Emma Herrod pulls together the findings from the latest consumer and retail research.
An amazing 86% of shoppers in Britain use Amazon with 70% of those who regularly shop from the retail behemoth’s site saying that Amazon is the first retailer they go to when shopping online. The research from Mintel further highlights the ongoing popularity of the retail giant, discovering that more Amazon shoppers have increased their shopping (21%) with the retailer than decreased it (13%) over the past year. Overall, most (70%) Amazon customers shop with the retailer at least once a month, while just under a fifth (17%) use the retailer on a weekly basis.
In terms of what’s in the basket, hardcopy media such as books, DVDs and video games remain Amazon’s most popular purchases. This is followed by electricals (30%), fashion/jewellery (30%), and toys (20%). Some 45% of households in the UK have some form of Amazon produced device, with Kindle (23%), Fire TV/TV Stick (16%), Fire Tablet (14%), and Echo (11%) proving the most popular.
Inherent trust in this retail giant is confirmed by the fact that as many as half (51%) of Amazon users assume that the retailer has the cheapest prices, while six in ten (59%) say they are loyal to the company.
Another research study from Mintel has discovered that the amount being spent on groceries online in the UK is continuing to grow as ecommerce takes a larger share of the grocery market. However, the number of new customers swapping to buying their groceries online is dropping. In fact, the number of customers shopping online for groceries has dropped to 45% from 48% in 2015.
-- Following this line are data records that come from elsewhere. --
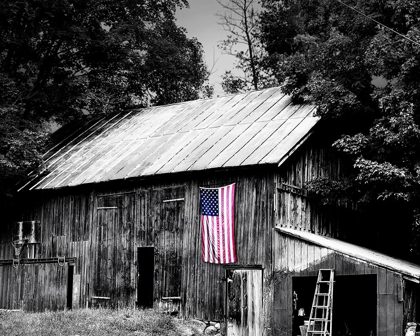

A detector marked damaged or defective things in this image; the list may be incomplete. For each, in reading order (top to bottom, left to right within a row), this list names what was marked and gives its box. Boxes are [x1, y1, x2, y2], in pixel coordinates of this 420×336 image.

rusty roof panel [25, 88, 318, 190] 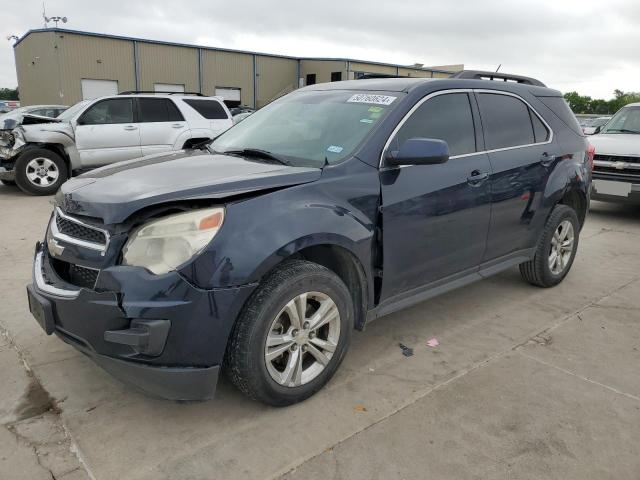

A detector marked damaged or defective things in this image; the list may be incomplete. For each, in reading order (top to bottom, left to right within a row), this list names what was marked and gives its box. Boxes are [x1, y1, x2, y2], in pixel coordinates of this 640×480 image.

crumpled front bumper [26, 246, 258, 400]
damaged blue suv [28, 72, 592, 404] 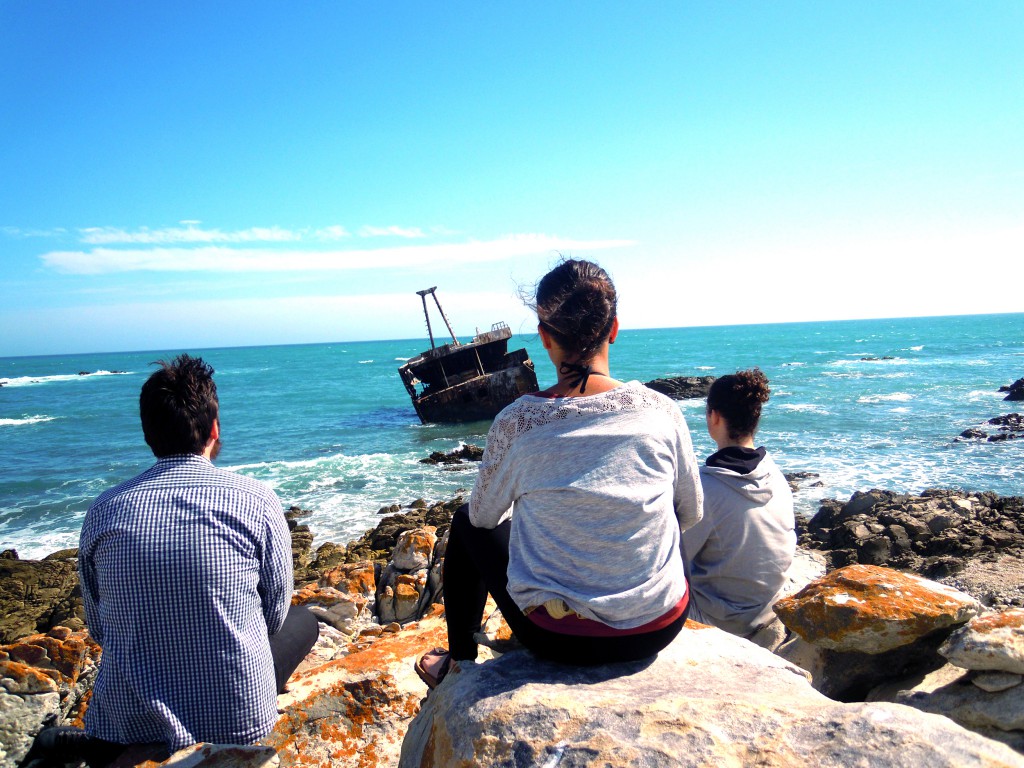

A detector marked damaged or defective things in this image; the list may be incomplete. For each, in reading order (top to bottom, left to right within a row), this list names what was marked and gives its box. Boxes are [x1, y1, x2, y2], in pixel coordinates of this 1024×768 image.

rusty shipwreck [397, 286, 540, 423] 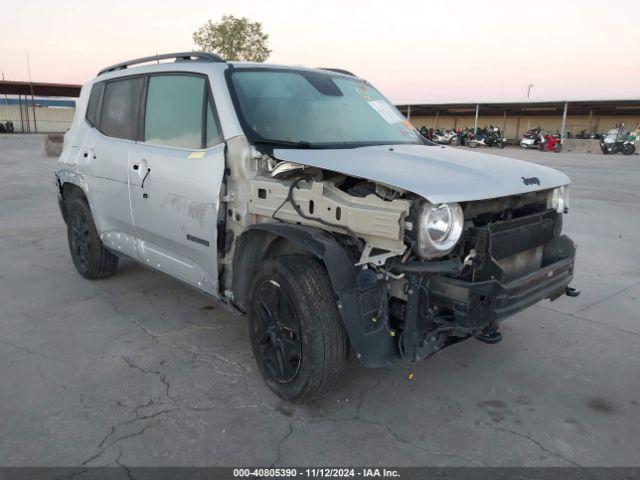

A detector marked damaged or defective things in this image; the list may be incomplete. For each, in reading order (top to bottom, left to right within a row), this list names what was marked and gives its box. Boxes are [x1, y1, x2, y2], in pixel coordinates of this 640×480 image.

cracked asphalt [1, 137, 640, 466]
Last year, sales of online groceries in the UK reached £12.3bn, up 9% from 2017 with online increasing its share of the market up from 6.1% in 2016 to 7% in 2018. What is more, consumers’ love of online shopping is set to continue as this year, sales are expected to reach £13.6bn. Over the next five years, online grocery is forecast to account for 10% of all grocery shopping, with sales growing by 60% to reach £19.8bn in 2023, according to Mintel.
According to Mintel research, younger shoppers in Britain are still enthusiastic about the convenience of having groceries delivered, particularly those aged 25-34, with 61% of this group doing some online grocery shopping and over a quarter (27%) saying they do all or most of their grocery shopping online.
However, it seems that middle aged and older shoppers are more reluctant to join the online revolution, and their reluctance is growing. Whilst just over a third (35%) of people aged 45+ report buying some groceries online, the number of shoppers in this group who have “never bought groceries online and have no interest in doing so” has grown from 34% in 2015 to 42% in 2018.
“Online grocery is, alongside the food discounters, one of the fastest-growing segments within the wider grocery sector. However, growth is slowing and the number of users is plateauing as retailers struggle to encourage new customers to try their services. Many consumers remain reluctant to buy fresh products online, concerns around substitutions persist and delivery charges are still off-putting, particularly in a market where value is key,” says Nick Carroll, associate director of retail research at Mintel.
“However, most importantly, online services are still best suited to the traditional big-basket weekly shop, at a time when consumers are increasingly shopping on a top-up or when-needed basis.
That is why we are seeing more retailers launch trial services designed to tap into the potential market for same-day or small-basket online grocery delivery. The difficulty is such services, at present, are costly to both the customer and the retailer, limiting their appeal and potential geographic rollout,” he adds.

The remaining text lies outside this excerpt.